*** Opening Supplied material ***

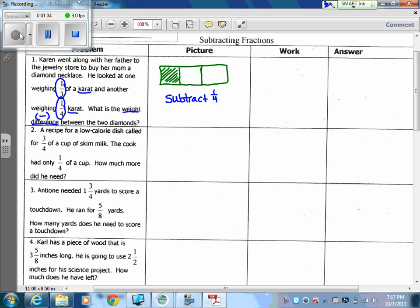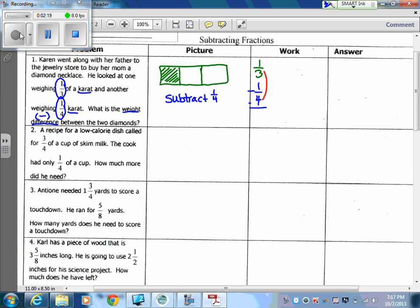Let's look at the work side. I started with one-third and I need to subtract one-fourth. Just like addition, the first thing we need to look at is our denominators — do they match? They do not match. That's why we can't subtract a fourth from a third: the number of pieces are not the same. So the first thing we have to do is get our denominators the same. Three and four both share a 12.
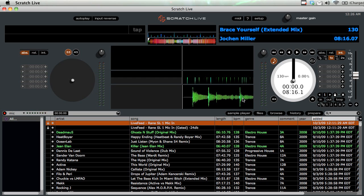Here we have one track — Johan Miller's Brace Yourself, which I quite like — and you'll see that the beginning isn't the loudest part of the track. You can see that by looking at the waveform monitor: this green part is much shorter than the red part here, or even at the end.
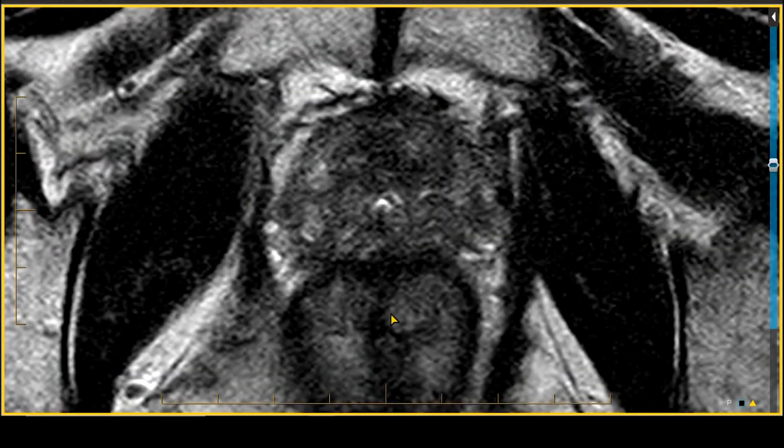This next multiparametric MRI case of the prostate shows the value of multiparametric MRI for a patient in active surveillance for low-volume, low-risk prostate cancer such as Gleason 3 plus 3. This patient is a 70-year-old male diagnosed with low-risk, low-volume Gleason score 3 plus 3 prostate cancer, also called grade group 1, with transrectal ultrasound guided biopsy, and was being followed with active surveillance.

*** Closing Supplied material ***

■ Problem statement
All the material above should be written out exactly, with images omitted.

■ Exercise response
Let's look at the work side. I started with one-third and I need to subtract one-fourth. Just like addition, the first thing we need to look at is our denominators — do they match? They do not match. That's why we can't subtract a fourth from a third: the number of pieces are not the same. So the first thing we have to do is get our denominators the same. Three and four both share a 12.
Here we have one track — Johan Miller's Brace Yourself, which I quite like — and you'll see that the beginning isn't the loudest part of the track. You can see that by looking at the waveform monitor: this green part is much shorter than the red part here, or even at the end.
This next multiparametric MRI case of the prostate shows the value of multiparametric MRI for a patient in active surveillance for low-volume, low-risk prostate cancer such as Gleason 3 plus 3. This patient is a 70-year-old male diagnosed with low-risk, low-volume Gleason score 3 plus 3 prostate cancer, also called grade group 1, with transrectal ultrasound guided biopsy, and was being followed with active surveillance.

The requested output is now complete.